If we have that $B_t$ is a Brownian Motion process, and we define a hitting time as $\nu = \inf\{t: B_t = r\}$ where $r \in \mathbb{R}$, how can I show that:
$$ E(e^{-\alpha\nu}) = e^{-|r|\sqrt{2\alpha}} $$
for $\alpha >0$?
A hint that was given in my book is to consider another random variable,
$$ M_t = e^{\lambda B_t - \frac{\lambda^2t}{2}} $$
where $B_t$ is standard Brownian Motion. The idea here I think is that $M_t = e^{\lambda B_t - \frac{\lambda^2t}{2}}$ is a martingale, which I have already proved. I am able to get the above result, just without the absolute value signs around $r$, does anyone have any ideas?
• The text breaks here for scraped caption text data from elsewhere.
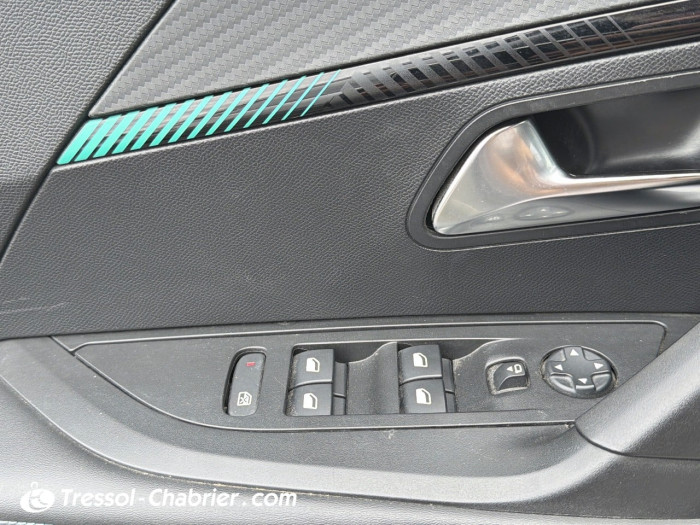 Peugeot 2008 BlueHDi 130 S&S EAT8 Allure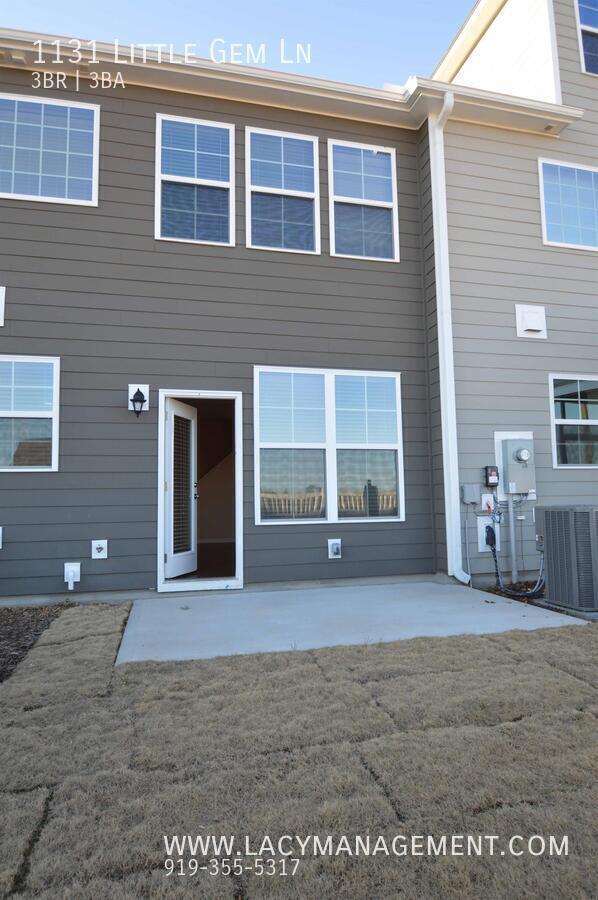 Building Photo - 1131 Little Gem Ln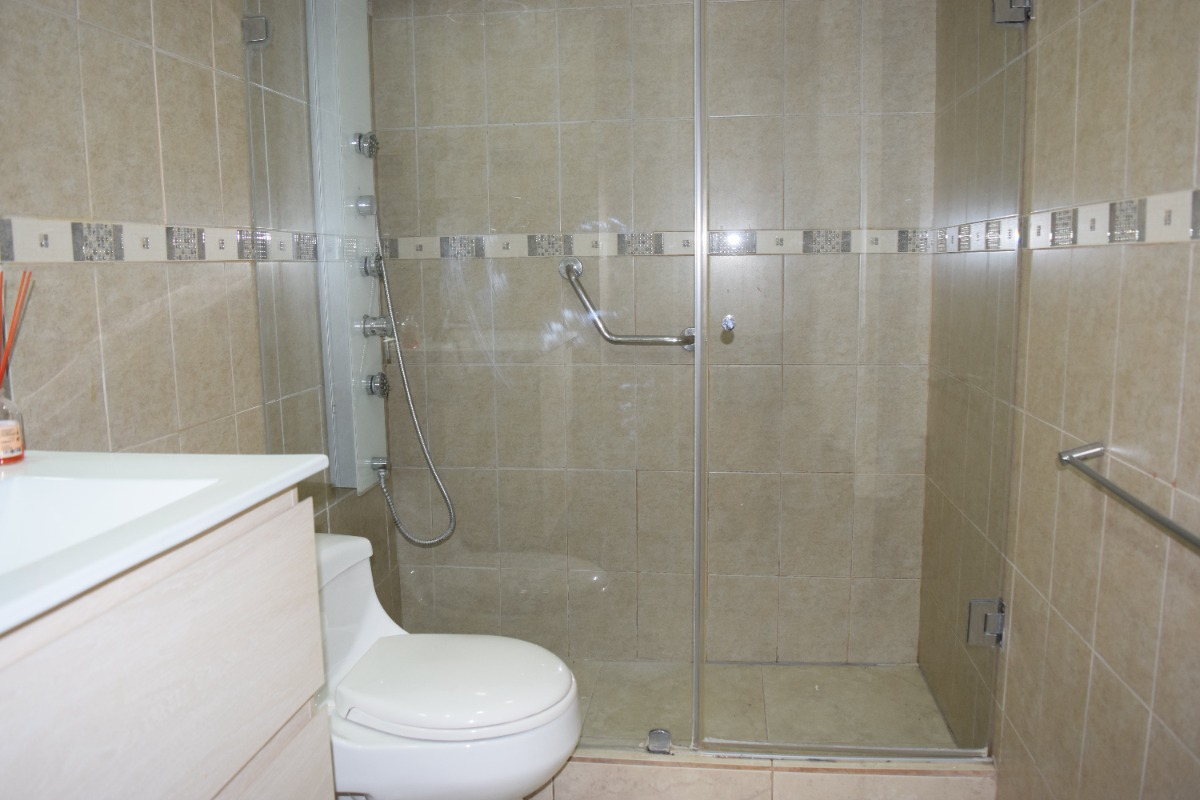 Arriendo Departamento N 4D en suite 4B 1E 1B Rotonda Atenas - Las Condes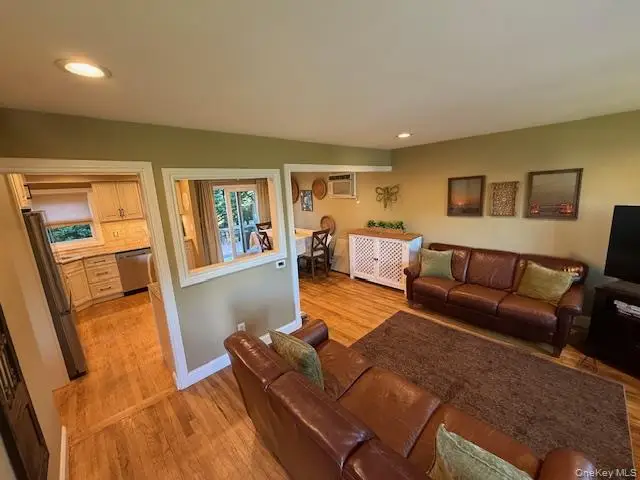 28 Lockwood Avenue, Farmingdale, NY 11735 - Image #3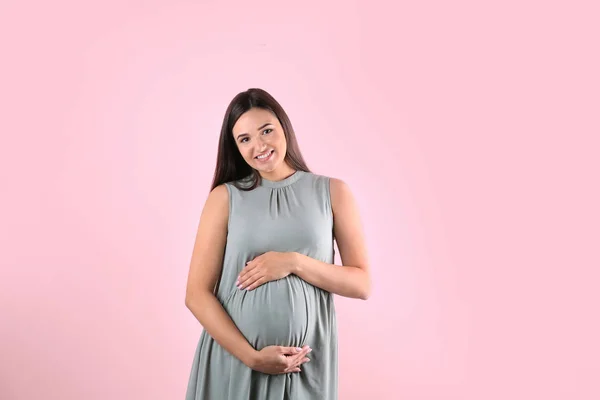 Piękne Kobiety Ciąży Trzymając Się Ręce Brzuchu Przed Kolor Tła — Zdjęcie stockowe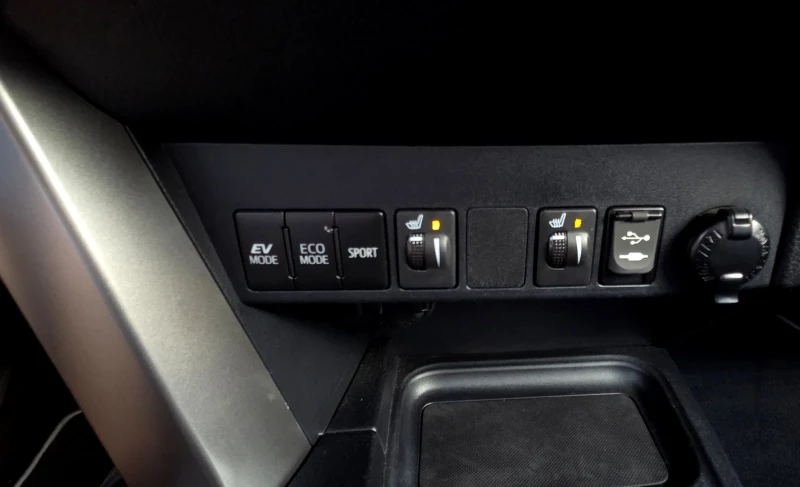 Toyota Rav4 12.2019/2.5VVT HYBRID/Executive/Pano/Key less - 37250 лв. - 48971061 | Car24.bg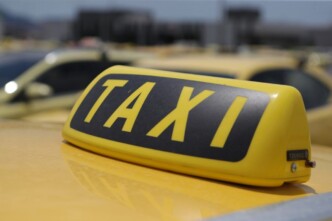 Σύλληψη 41χρονου οδηγού ταξί στον Πειραιά για πλαστή άδεια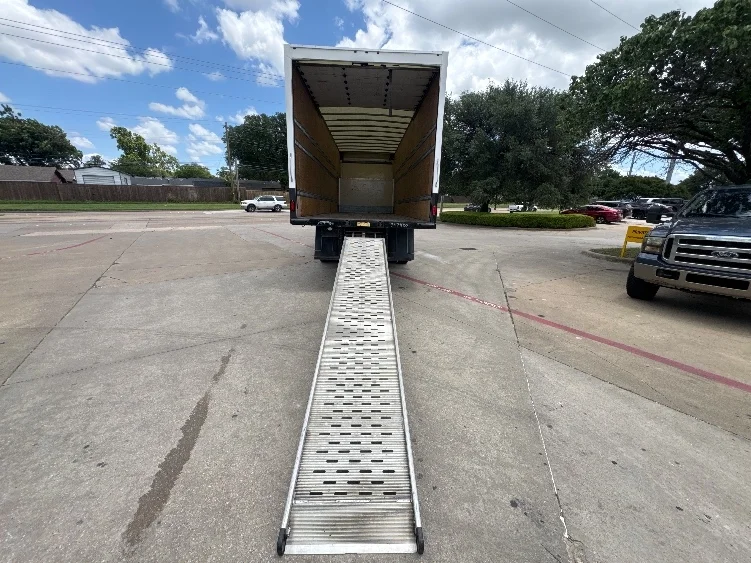 2020 International MV in Garland, TX — photo 9
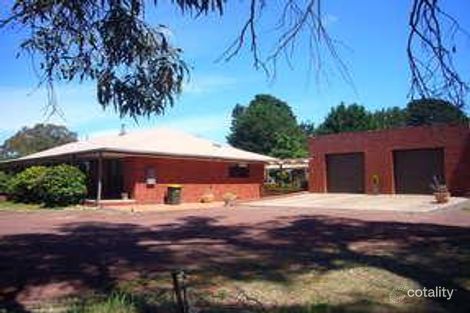 26 Gregory St, Beaufort, VIC 3373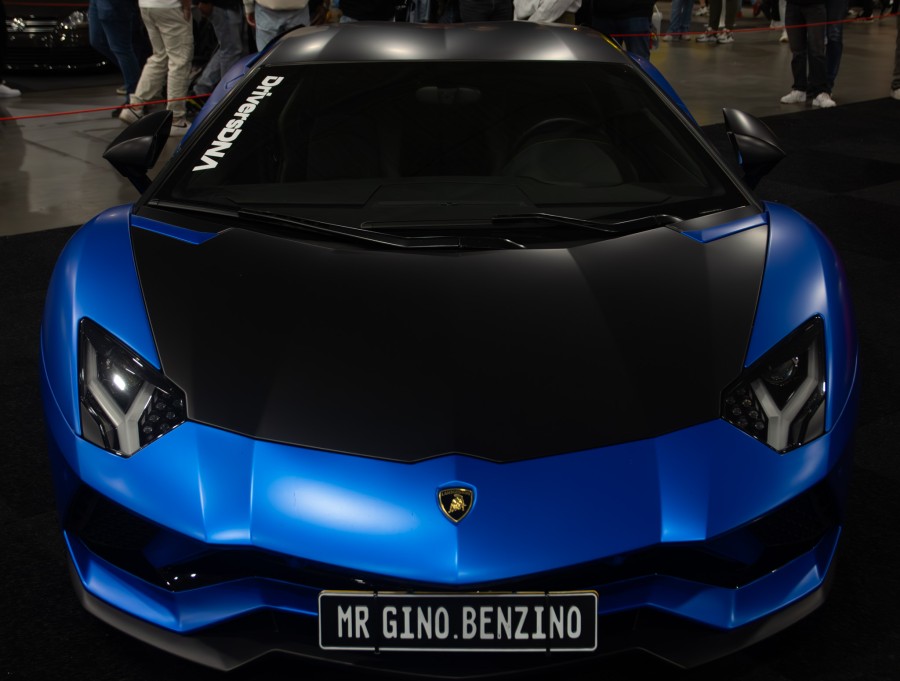 Matte Blue Aventador Front
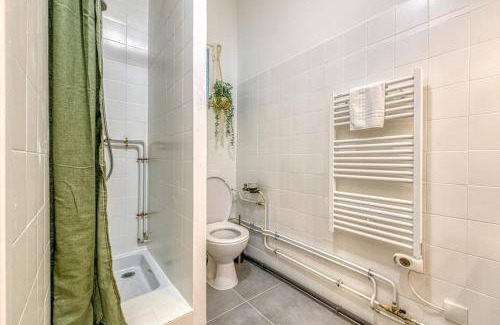 Quartier Chorier-Berriat Apartment | Entre gare et centre-ville: lit double, wifi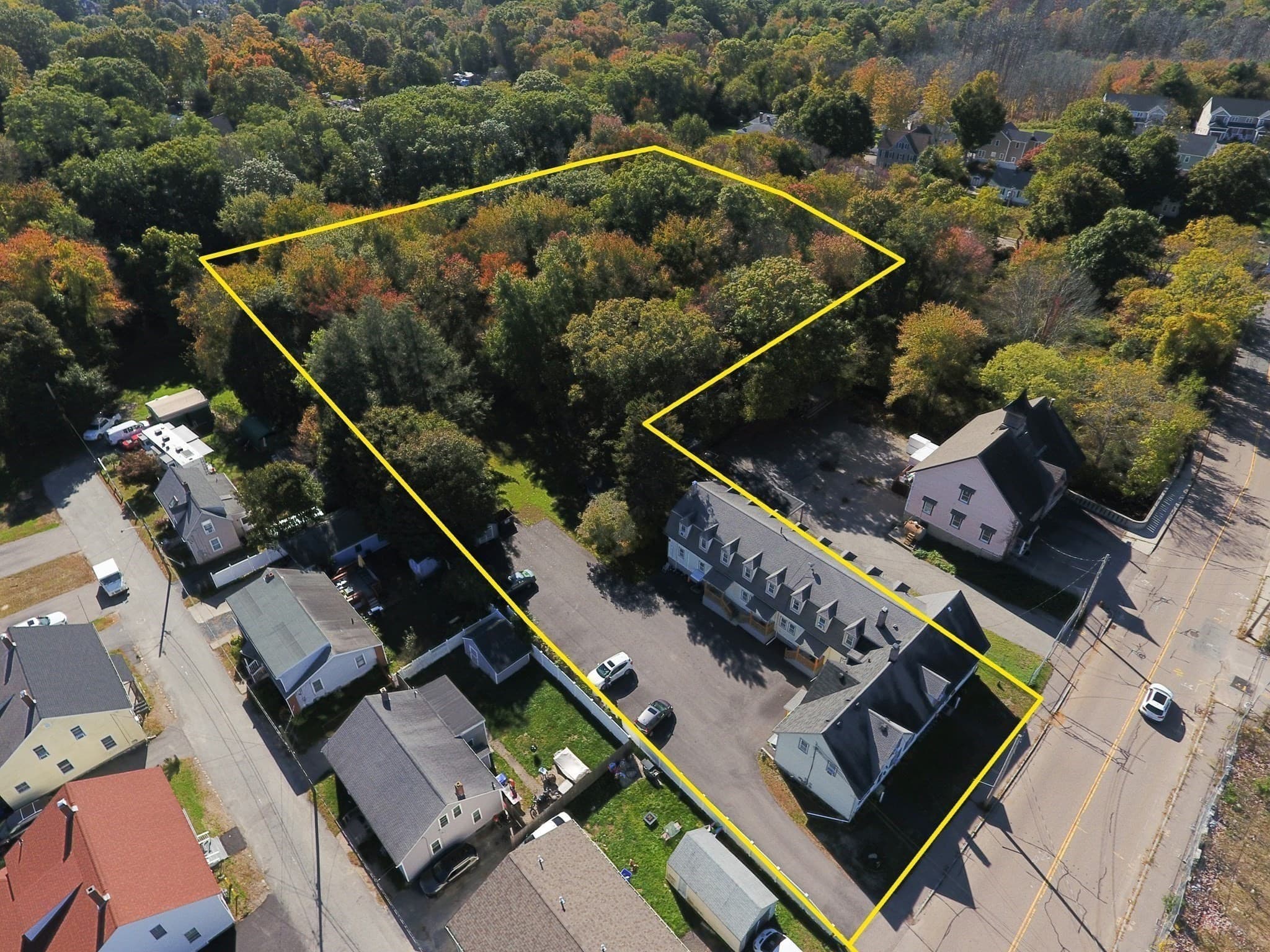 5-9 Family at 426 Whittenton Street, Taunton MA 02780, Taunton, photo 8 of 25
EDIT: I included my result without the absolute value signs:
$1 = E(M_0)= E(M_{\nu \wedge t}) \to E(M_{\nu}) = 1$ by convergence and martingale properties. Then, $E(M_{\nu}) = 1 \implies E(e^{\lambda r}e^{-\lambda^2 \frac{\nu}{2}}) = 1 \implies E(e^{-\lambda^2 \frac{\nu}{2}}) = \frac{1}{e^{\lambda r}}$. Then we set $\alpha = \frac{\lambda^2}{2}$ to get $E(e^{-\alpha \nu}) = e^{-r \sqrt{2\alpha}}$.